Short text fragments from websites

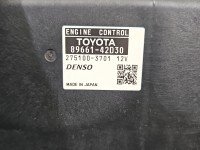 Komputer Sterownik silnika 89661-42D30 Toyota Rav4 III 05- 2.0 vvti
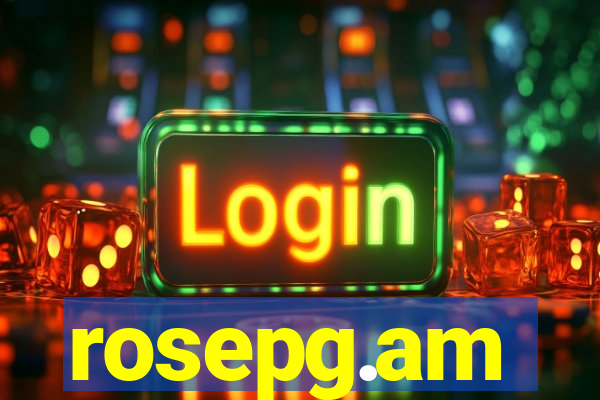 rosepg.am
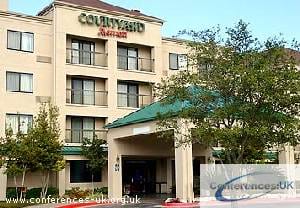 Courtyard Houston Sugar Land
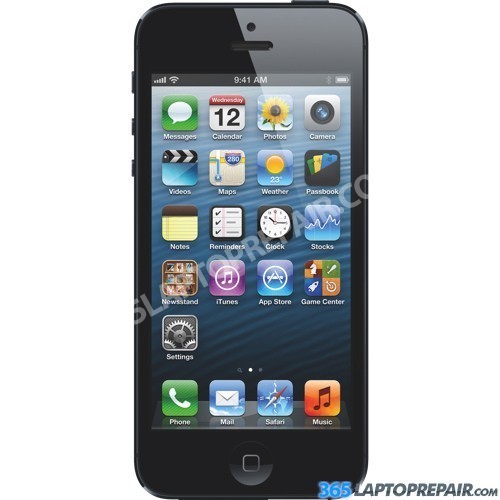 Virgin Mobile No Contract iPhone 5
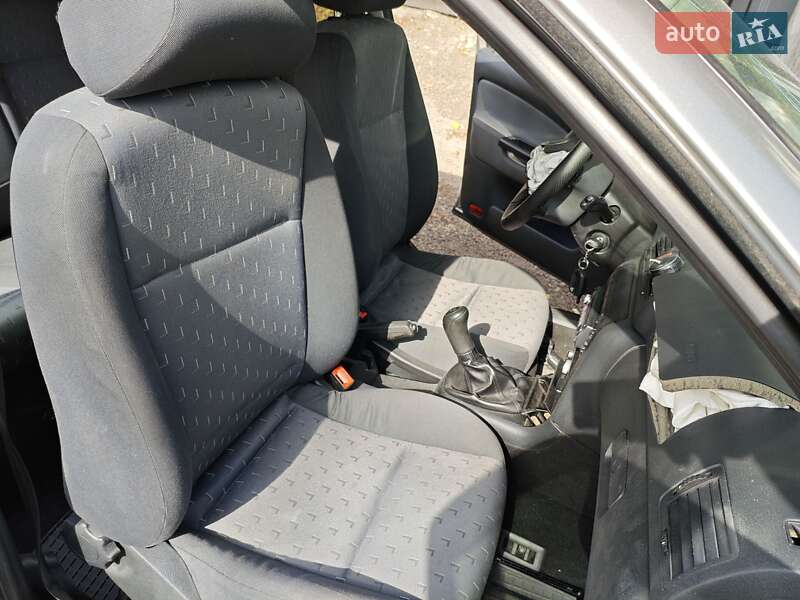 Ліфтбек Skoda Octavia 2008 в Києві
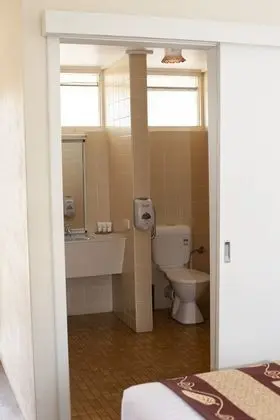 Family Oda, 1 Yatak Odası, Engellilere Uygun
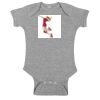 Infant Baby Rib Bodysuit Thumbnail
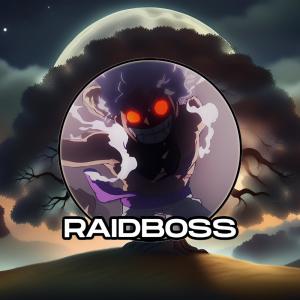 收聽RaidBoss的Stand By Me (HARDSTYLE)歌詞歌曲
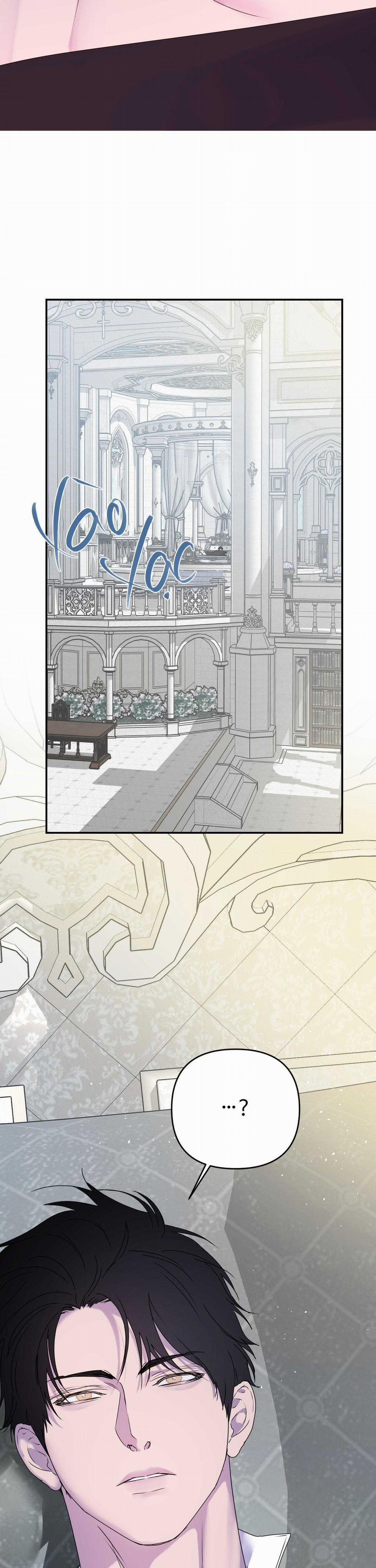 Đóa Hoa Của Alosha 31 trang 26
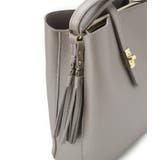 人間工学ベルトタッセル縦型ショルダー | grove | 詳細画像24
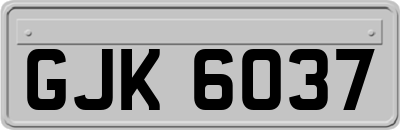 GJK6037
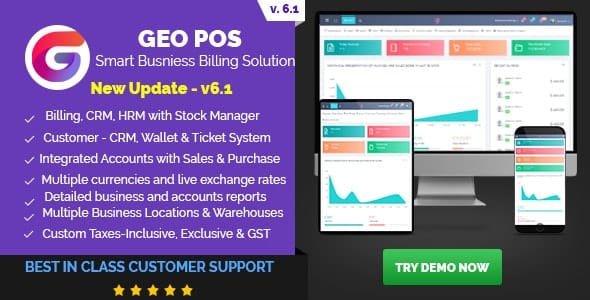 GeoPos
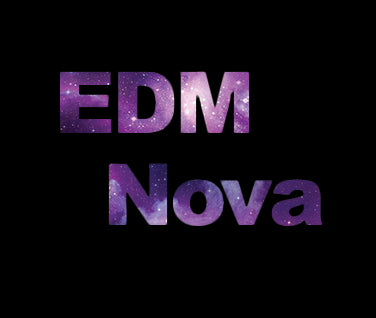 The Rave Revolution: EDMNova.com—Where Festival Fashion and Outstanding Art Meet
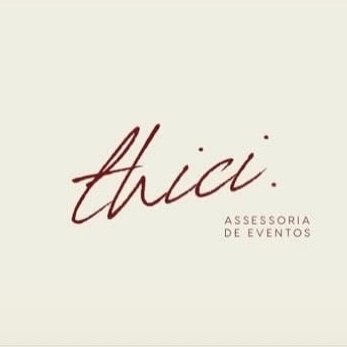 Thici Santos Eventos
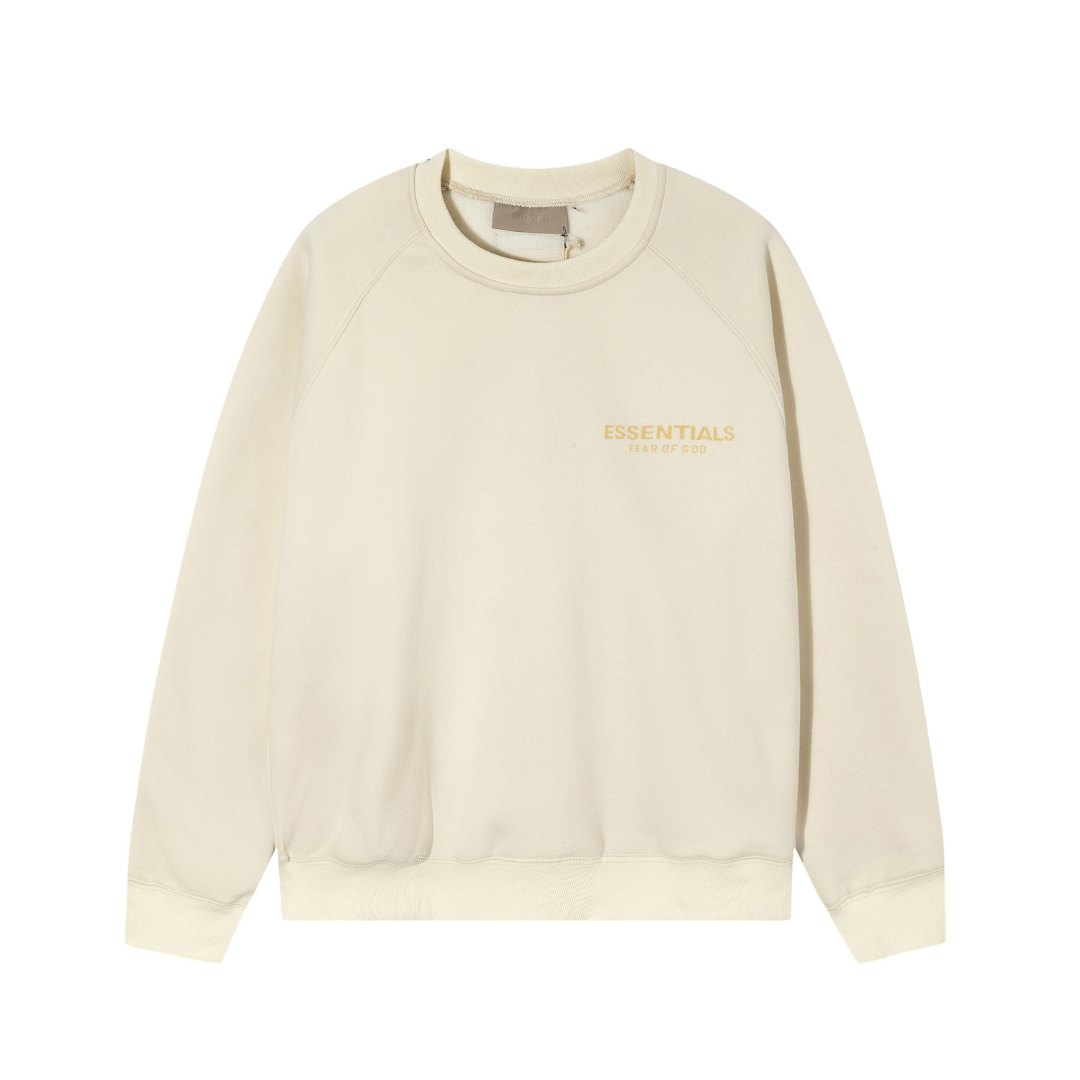 Essentials Fear of God Sweatshirt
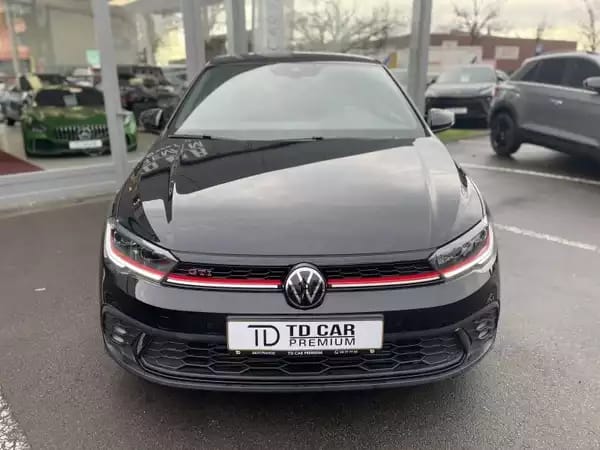 Volkswagen Polo GTI 2.0 TSI DSG - Photo 2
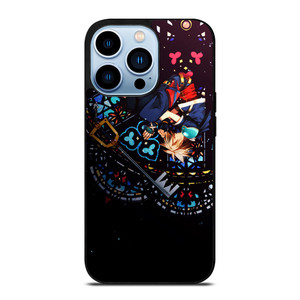 KINGDOM HEARTS 2 iPhone 13 Pro Max Case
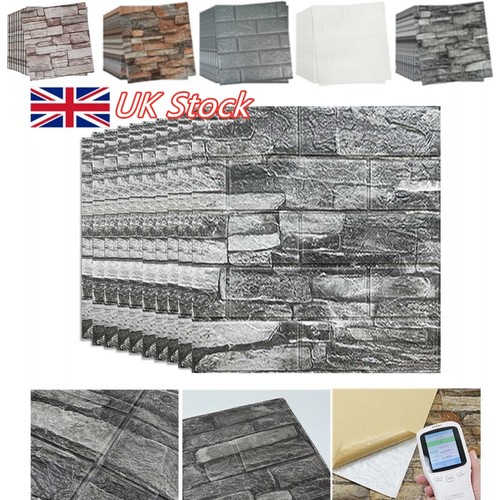 Wall panels peel - wall, stick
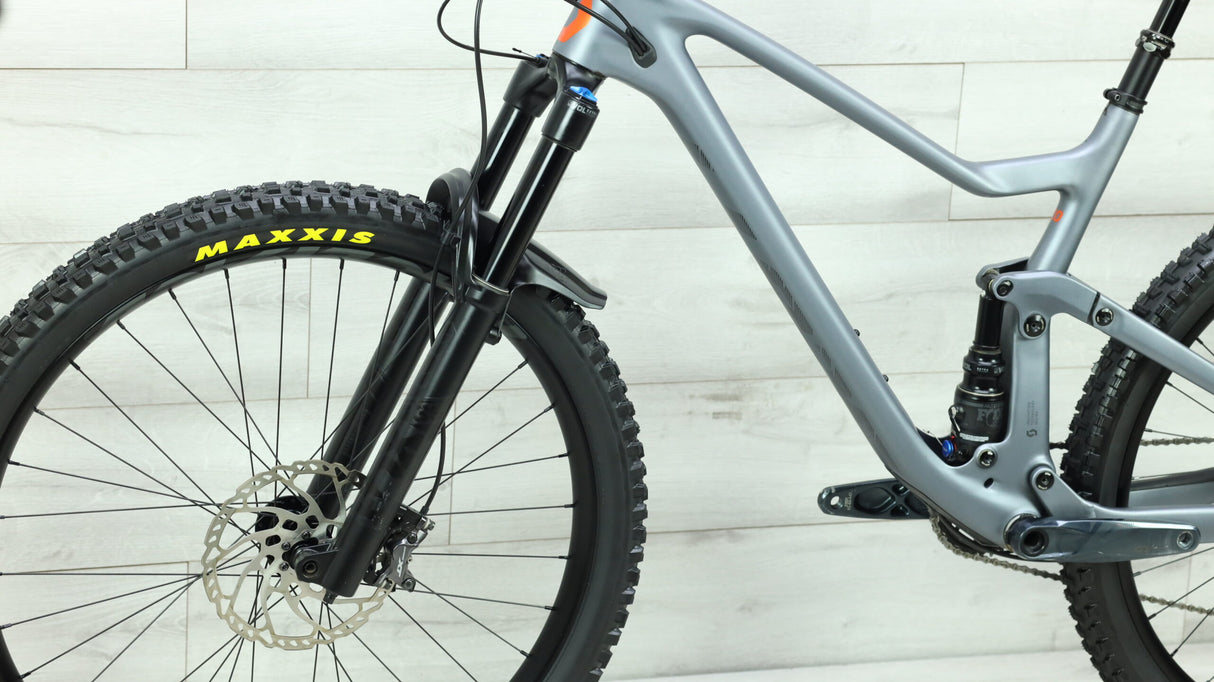 2021 Scott Genius 920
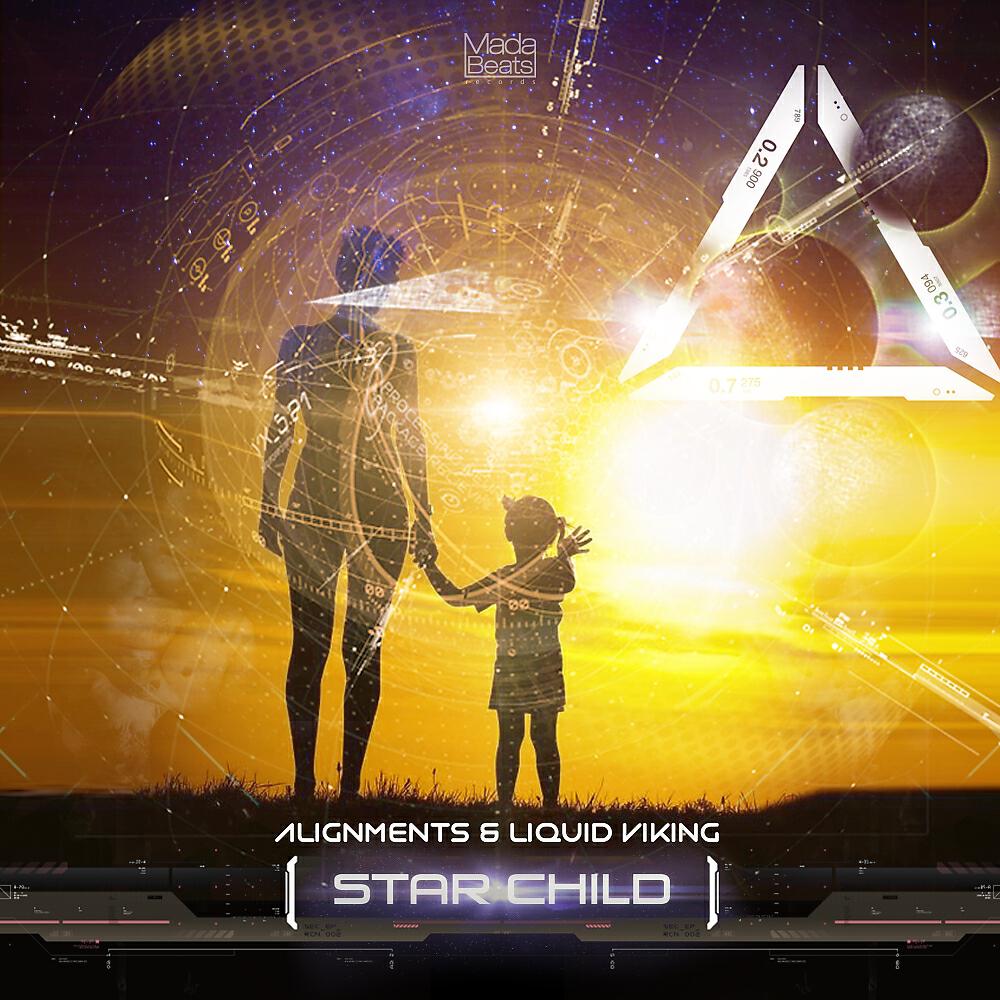 Alignments - StarChild (Original Mix)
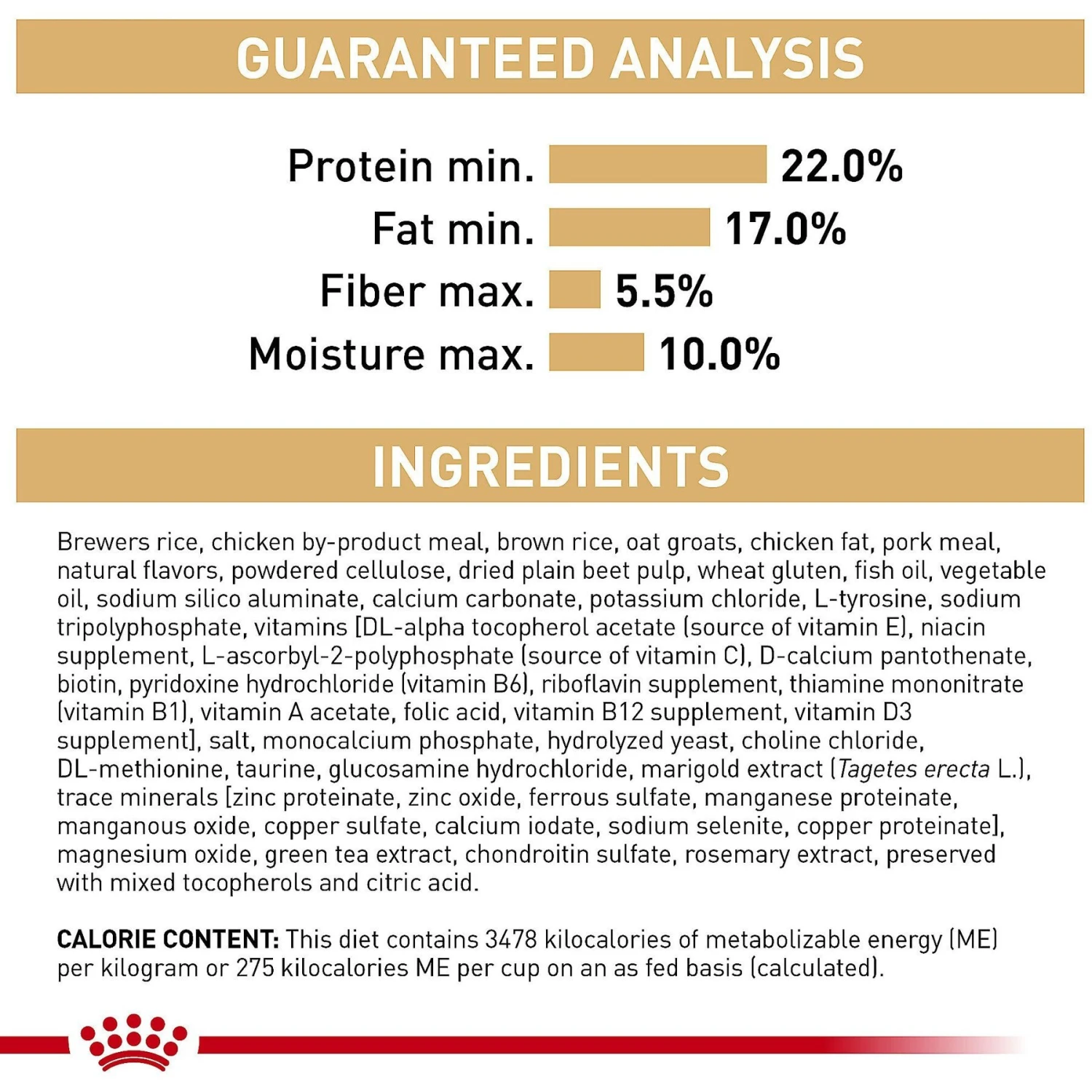Royal Canin Breed Health Nutrition German Shepherd Adult Dry Dog Food 10 Royal Canin Breed Health Nutrition German Shepherd Adult Dry Dog Food - Image 8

__AIM OF THE TASK__.
Please print out the entries above exactly. The pictures stay out.

__SOLUTION FOR THIS EXERCISE__.
 Komputer Sterownik silnika 89661-42D30 Toyota Rav4 III 05- 2.0 vvti
 rosepg.am
 Courtyard Houston Sugar Land
 Virgin Mobile No Contract iPhone 5
 Ліфтбек Skoda Octavia 2008 в Києві
 Family Oda, 1 Yatak Odası, Engellilere Uygun
 Infant Baby Rib Bodysuit Thumbnail
 收聽RaidBoss的Stand By Me (HARDSTYLE)歌詞歌曲
 Đóa Hoa Của Alosha 31 trang 26
 人間工学ベルトタッセル縦型ショルダー | grove | 詳細画像24
 GJK6037
 GeoPos
 The Rave Revolution: EDMNova.com—Where Festival Fashion and Outstanding Art Meet
 Thici Santos Eventos
 Essentials Fear of God Sweatshirt
 Volkswagen Polo GTI 2.0 TSI DSG - Photo 2
 KINGDOM HEARTS 2 iPhone 13 Pro Max Case
 Wall panels peel - wall, stick
 2021 Scott Genius 920
 Alignments - StarChild (Original Mix)
Royal Canin Breed Health Nutrition German Shepherd Adult Dry Dog Food 10 Royal Canin Breed Health Nutrition German Shepherd Adult Dry Dog Food - Image 8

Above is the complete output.